Schade nur, dass die deutsche Übersetzung beim Titel nicht näher am Original, "Notícias do Mirandao", geblieben ist. "Nachrichten aus Mirandao" wäre treffender gewesen, nicht nur was Molicas Stil anbelangt. Schließlich bleibt das, was in der Favela geschieht, im Wesentlichen Stoff für die lokale Nachrichtenspalte und eben kein Krieg, der für große Geschichten auf Seite 1 taugen würde.
Dagegen ist dem Verlag ein Lob auszusprechen für ein umfassendes und präzises Glossar, das gerade für Rio-unkundige Leser verständliche geografische und soziokulturelle Informationen liefert.
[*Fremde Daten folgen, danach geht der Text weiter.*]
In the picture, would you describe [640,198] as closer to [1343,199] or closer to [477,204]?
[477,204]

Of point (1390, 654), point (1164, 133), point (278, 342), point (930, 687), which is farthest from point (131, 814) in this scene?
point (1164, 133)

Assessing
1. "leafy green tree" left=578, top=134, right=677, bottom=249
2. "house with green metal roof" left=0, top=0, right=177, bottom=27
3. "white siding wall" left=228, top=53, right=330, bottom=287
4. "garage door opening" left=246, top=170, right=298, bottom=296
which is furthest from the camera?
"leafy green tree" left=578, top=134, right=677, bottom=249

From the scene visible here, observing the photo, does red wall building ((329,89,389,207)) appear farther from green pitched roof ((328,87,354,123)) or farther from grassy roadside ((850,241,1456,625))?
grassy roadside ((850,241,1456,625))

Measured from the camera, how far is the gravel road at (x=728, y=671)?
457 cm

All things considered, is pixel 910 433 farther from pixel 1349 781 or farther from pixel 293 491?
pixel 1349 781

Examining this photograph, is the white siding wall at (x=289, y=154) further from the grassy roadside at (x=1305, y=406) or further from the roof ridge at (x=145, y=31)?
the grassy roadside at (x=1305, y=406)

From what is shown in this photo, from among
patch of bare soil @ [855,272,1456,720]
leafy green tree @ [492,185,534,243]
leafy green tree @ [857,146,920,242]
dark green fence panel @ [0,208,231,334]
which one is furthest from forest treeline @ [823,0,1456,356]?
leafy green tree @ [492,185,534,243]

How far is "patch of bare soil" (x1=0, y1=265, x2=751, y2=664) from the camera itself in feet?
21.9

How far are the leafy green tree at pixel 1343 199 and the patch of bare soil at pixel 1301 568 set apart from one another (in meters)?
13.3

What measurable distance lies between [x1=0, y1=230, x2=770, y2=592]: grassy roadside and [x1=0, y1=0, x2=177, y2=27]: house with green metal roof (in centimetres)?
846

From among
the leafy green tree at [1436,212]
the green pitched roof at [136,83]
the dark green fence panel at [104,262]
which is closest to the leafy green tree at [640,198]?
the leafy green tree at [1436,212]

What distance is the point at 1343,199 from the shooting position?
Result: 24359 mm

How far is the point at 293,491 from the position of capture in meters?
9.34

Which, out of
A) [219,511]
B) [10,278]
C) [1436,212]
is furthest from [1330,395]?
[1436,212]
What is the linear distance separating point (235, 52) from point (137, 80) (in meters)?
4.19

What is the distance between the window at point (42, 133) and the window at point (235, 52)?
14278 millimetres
Auch die Aufnahme eines Interviews mit dem Autoren in die Taschenbuchausgabe sei anerkennend erwähnt. Molica äußert sich in gedankenanregender Weise unter anderem zur gesellschaftlichen Ratlosigkeit und Abstumpfung mit Blick auf die entsetzliche Gewalt und die ihr zugrunde liegende "Favealisierung" ganzer Stadtviertel in seiner Heimatstadt.
Fernando Molica: Krieg in Mirandao. Krimi aus Rio. Edition Nautilus, Hamburg 2006; 192 S., 13,90 Euro.